What Can Vampire Bats Teach Us About Socializing In A Pandemic?
12:27 minutes
Vampire bats have complex social networks, forming relationships with other bats that can vary on a spectrum of cooperation and conflict. When bats are bonded, social behavior is expressed in two main ways: grooming and sharing food, which means regurgitating blood into another bat’s mouth.
Gerry Carter, an assistant professor in Ohio State University’s Department of Evolution, Ecology and Organismal Biology, studied vampire bats from two different regions of Panama to see how bats formed bonds as strangers.
“When we introduced them in isolated pairs they formed relationships much faster, like college students in a dorm room,” Carter said to Science Friday earlier this week. “And when we introduced a bat into a group of three, that was faster than when we just put two larger groups together.”
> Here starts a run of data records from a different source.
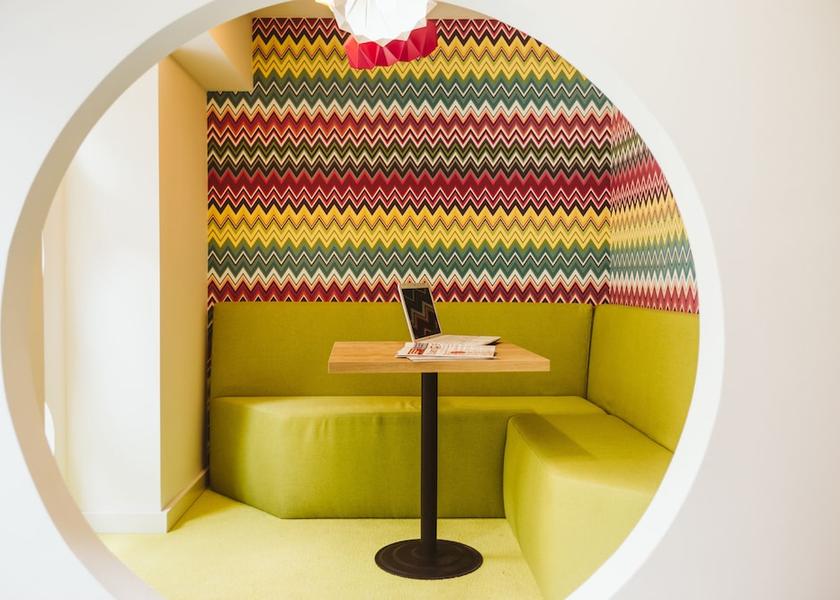  Cluj-Napoca Interior Entrance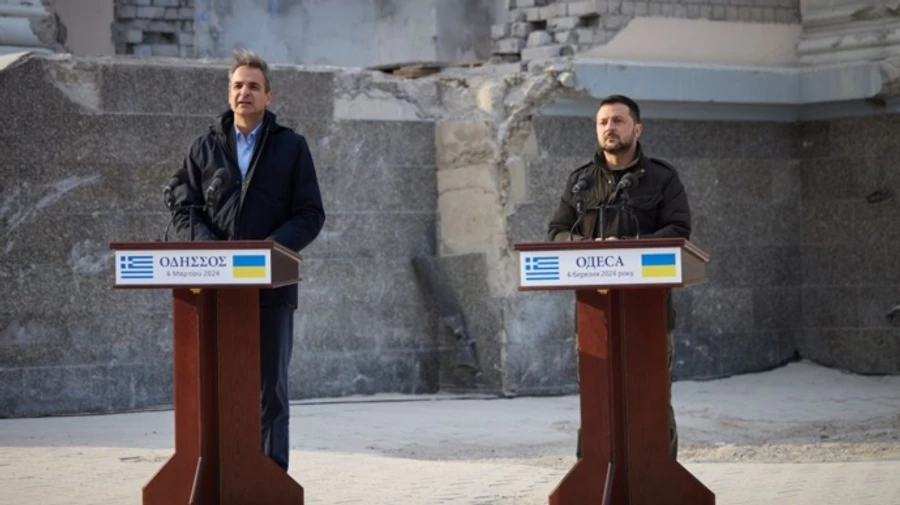 Российская ракета в Одессе взорвалась в 500 метрах от Зеленского и премьера Греции - CNN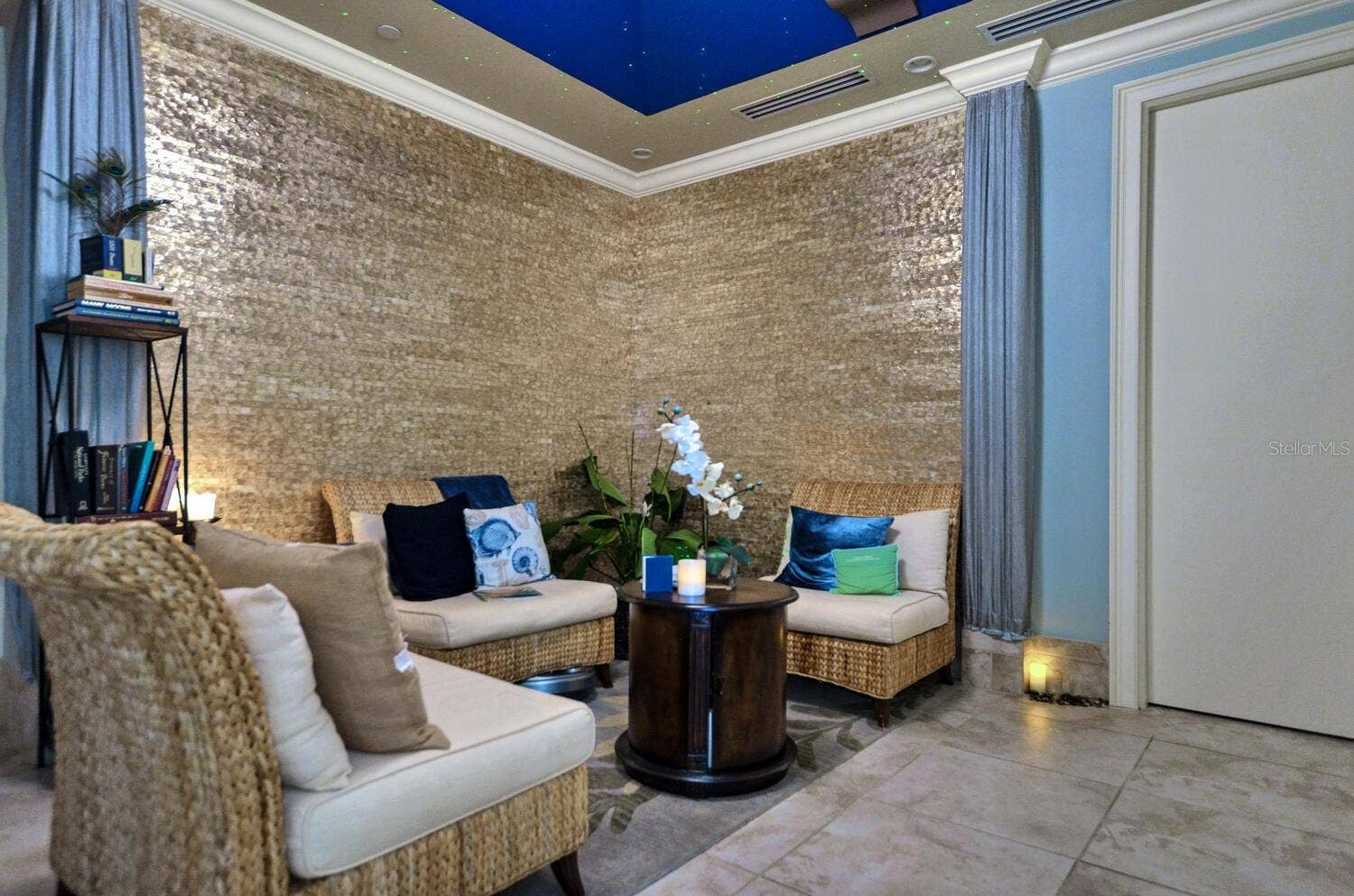 5823 BOWEN DANIEL DRIVE, #902, Tampa, FL 33616 5823 BOWEN DANIEL DRIVE, #902, Tampa, FL 33616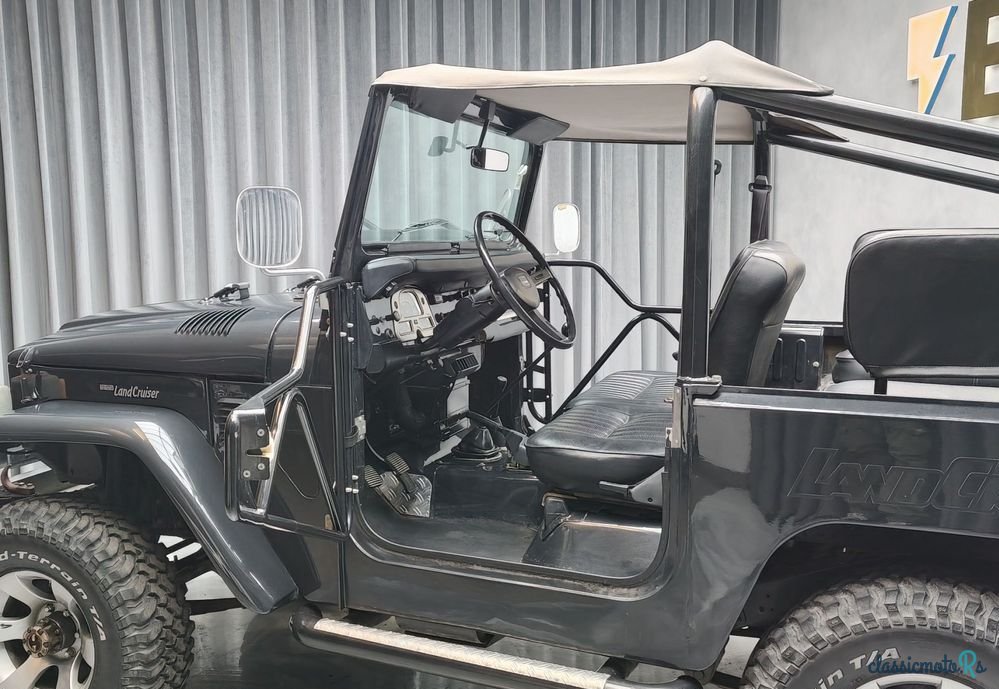 1981' Toyota Land Cruiser photo #6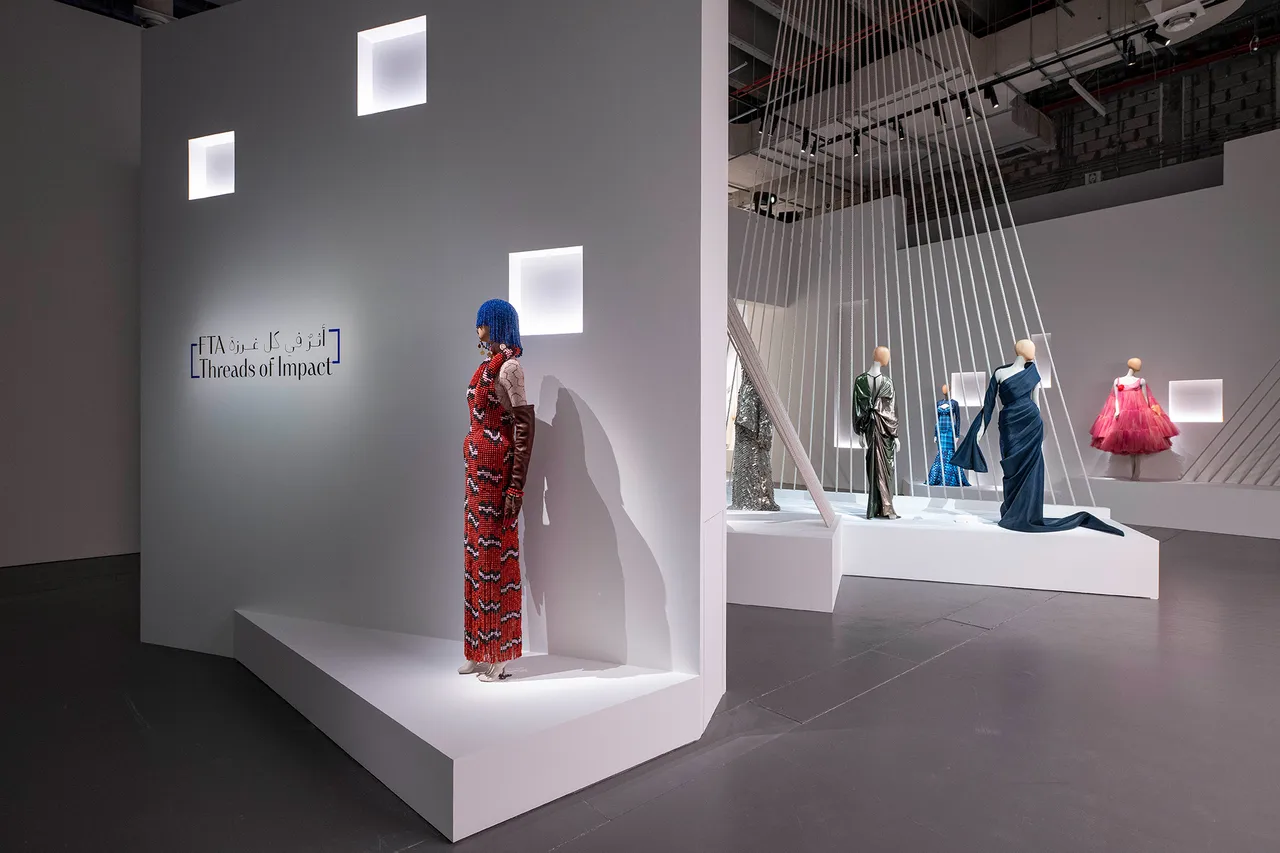 Threads-of-Impact-Exhibtion_RCZ3480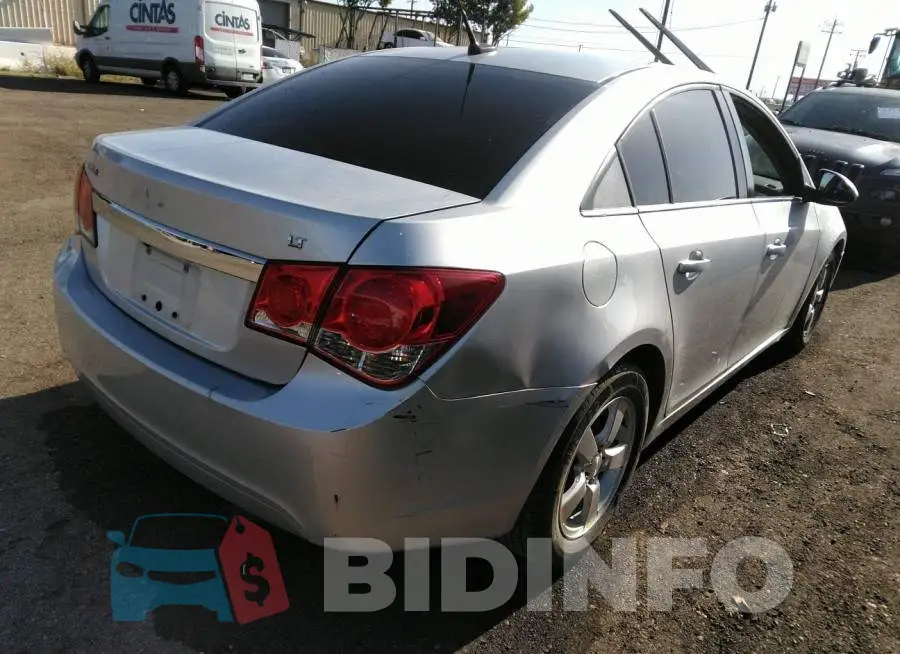 1G1PC5SB3E7181877 Photo# 4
Carter has also studied how illness changes social relationships within a vampire bat roost. He found that if a baby bat gets sick, for instance, the mom won’t stop grooming or sharing food with their offspring. But that same bat will stop participating in some social behavior with a close roost-mate that isn’t family.
Carter joins Science Friday guest host John Dankosky to talk about researching vampire bats, and what their response to illness tells us about our own time social distancing during the coronavirus outbreak. See more photos and video of social bat behavior below.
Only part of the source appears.